Is your model converging?

This post is by Aki

I too often see people saying their model is converging or not converging. Sure, if you are doing iterative model building as part of your Bayesian workflow you could say that that iterative process eventually converges to the final model, but it seems people are actually talking about whether the inference algorithm is converging.

A Bayesian model describes a joint distribution of data and parameters. If we condition on observed data, we get the posterior distribution. We often use iterative inference algorithms to make posterior inference. If the inference algorithm doesn’t converge, the convergence problems don’t depend only on the model, but on the model, parameterisation, and the data, which together determine the geometry of the posterior. The same model and different parameterisation or data lead to different posterior geometry. For the same posterior, different iterative algorithms or algorithm choices can also lead to different convergence problems. (We have several exmples of iterative inference algorithm convergence problems in the soon to appear Bayesian workflow book)

If you want someone to help with possible inference convergence problems, it is not sufficient to tell which model you have, but you also need to tell about the parameterisation, data, and algorithm. Stop talking about models (not) converging (unless doing iterative model building) and talk about the inference algorithm (not) converging, as it is more accurate and implies dependency on the posterior and algorithm.

7 thoughts on “Is your model converging?

  1. Good points. And they remind me of two other things:

    1. Rubin has argued that, in any applied setting, the model you are fitting is the model you’re computing, which is not necessarily the same as the model you’ve written in mathematical notation. This holds for complicated stochastic iterative algorithms and also for very basic approaches such as optimization as in maximum likelihood. That’s one reason for doing posterior predictive checks, as then you’re comparing the data to the model you have actually fit.

    2. Statistical workflow involves nested looping. The inner loop is the iterative algorithm that’s being used to fit the model. (Except for the simplest models, the fitting algorithm will be iterative.) The outer loop is that you’re fitting different models. In general it’s better to have threaded rather than nested looping. But in our workflow we rarely have threaded looping. We’ll fit models one at a time, each with its own iterative algorithm. I guess that we (and data analysts more generally) could do better by embedding in a threaded looping framework.

  2. Well, duh… everyone who has ever talked about problems with convergence has very clearly meant problems with inference algorithms not converging under a given model, data, and parameterization. Natural language is just a lot simpler when you can assume the other party can make inferences from context clues.

    • Anon:

      Just because something seems obvious to you (“Well, duh”), it doesn’t mean it’s known to “everyone.” Aki’s had many collaborators and has taught zillions of students, and I think it’s a safe bet that this is a real misunderstanding he’s talking about here.

    • I agree that it’s not obvious why “inference algorithm (not) converging […] implies dependency on the posterior and algorithm” but “model (not) converging” doesn’t imply dependency on anything else. What would it mean for a model to converge anyway?

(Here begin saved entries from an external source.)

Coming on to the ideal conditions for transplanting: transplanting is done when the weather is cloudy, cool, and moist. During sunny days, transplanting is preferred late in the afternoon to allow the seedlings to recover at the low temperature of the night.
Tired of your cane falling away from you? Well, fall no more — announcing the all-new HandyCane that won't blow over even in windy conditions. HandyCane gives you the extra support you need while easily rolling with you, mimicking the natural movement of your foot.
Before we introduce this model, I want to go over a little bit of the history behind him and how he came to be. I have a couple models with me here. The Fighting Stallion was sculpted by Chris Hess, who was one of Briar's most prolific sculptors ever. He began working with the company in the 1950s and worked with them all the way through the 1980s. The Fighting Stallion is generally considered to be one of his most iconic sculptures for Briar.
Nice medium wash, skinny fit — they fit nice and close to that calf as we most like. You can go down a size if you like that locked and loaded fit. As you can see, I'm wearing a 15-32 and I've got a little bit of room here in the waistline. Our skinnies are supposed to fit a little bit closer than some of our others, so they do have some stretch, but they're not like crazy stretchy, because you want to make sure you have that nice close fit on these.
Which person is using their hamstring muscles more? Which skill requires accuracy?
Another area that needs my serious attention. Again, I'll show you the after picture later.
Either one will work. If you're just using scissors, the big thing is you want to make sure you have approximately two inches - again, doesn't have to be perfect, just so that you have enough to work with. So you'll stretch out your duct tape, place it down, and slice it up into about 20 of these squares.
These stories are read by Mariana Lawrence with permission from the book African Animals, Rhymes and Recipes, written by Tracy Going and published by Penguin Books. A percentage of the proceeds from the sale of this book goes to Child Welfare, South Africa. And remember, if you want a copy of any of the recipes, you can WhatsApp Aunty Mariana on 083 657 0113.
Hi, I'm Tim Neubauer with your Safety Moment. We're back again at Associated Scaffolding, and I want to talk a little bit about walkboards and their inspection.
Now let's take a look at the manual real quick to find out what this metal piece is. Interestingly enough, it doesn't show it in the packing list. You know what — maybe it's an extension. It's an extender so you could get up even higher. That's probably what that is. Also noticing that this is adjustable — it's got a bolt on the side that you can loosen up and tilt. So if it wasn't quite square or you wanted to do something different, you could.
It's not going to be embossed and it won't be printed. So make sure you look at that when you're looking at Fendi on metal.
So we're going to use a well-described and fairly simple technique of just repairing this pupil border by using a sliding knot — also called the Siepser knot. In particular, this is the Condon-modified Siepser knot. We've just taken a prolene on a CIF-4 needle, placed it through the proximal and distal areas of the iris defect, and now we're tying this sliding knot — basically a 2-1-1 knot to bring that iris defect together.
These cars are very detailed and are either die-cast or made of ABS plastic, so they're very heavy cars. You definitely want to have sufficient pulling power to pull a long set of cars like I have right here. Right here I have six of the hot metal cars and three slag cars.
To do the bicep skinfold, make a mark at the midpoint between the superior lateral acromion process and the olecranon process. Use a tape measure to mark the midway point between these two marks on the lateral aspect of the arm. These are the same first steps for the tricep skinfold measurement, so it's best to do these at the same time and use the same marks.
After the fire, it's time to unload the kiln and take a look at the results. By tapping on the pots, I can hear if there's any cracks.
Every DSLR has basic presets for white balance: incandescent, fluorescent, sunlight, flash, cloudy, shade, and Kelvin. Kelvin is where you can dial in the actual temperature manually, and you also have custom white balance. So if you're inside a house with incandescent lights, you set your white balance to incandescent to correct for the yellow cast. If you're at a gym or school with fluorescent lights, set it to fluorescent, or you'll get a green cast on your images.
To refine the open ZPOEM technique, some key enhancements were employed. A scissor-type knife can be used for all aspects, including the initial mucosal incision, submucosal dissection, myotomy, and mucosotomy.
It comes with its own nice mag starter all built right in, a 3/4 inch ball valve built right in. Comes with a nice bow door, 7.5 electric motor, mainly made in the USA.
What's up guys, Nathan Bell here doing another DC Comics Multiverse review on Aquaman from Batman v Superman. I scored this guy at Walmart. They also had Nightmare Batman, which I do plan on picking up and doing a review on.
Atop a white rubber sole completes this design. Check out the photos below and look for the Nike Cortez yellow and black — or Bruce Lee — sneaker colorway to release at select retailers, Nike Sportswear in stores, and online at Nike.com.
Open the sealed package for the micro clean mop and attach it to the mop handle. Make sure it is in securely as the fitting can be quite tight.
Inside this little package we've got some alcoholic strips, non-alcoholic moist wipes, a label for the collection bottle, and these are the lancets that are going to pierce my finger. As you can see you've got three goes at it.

  3. My response – which I wrote and didn’t post because I am trying to be less negative here – was along the lines of what Anon wrote. The post left me wondering which fields Aki was referring to, and what it is about causal inference in those fields that makes this sort of stuff confusing, but there was nothing in the post about that. That would have been interesting to me.

    If you spent your career working on math models of mechanical systems, you would never be confused about this. The “inference algorithms” are just canned programs that you adapt to your system, and everyone knows that under some parameterizations your model will not converge upon a single solution because of the limitations of the algorithms.

    (Also, how do you know a priori that you didn’t goof up the model in such a way that the inference algorithm would have converged if you did things correctly, but your model won’t converge because you goofed it up?)

  4. I wrote this post in the context of Bayesian workflow and refer to the Bayesian Workflow book. The post is based on what I’ve seen while teaching Bayesian workflow for 200+ students per year, reading thousands of Stan Discourse posts with questions from applications in many different fields, many Bsky posts, and, recently, some AI agent skill instructions. As Bayesian workflow has iterative model building, I am recommending that in this context “model (not) converging” is not used for “inference (not) converging.” I don’t remember seeing “model not converging” in any context other than the Bayesian workflow context, but that is likely as I’m focusing on reading Bayesian workflow-related topics. I don’t remember seeing “model not converging” years ago in Bayesian context. Thanks for pointing out that there are fields where talking about models not converging refering to inference problems is common. Maybe that and increasing use of Bayesian workflow has made it leak to Bayesian Workflow context, too.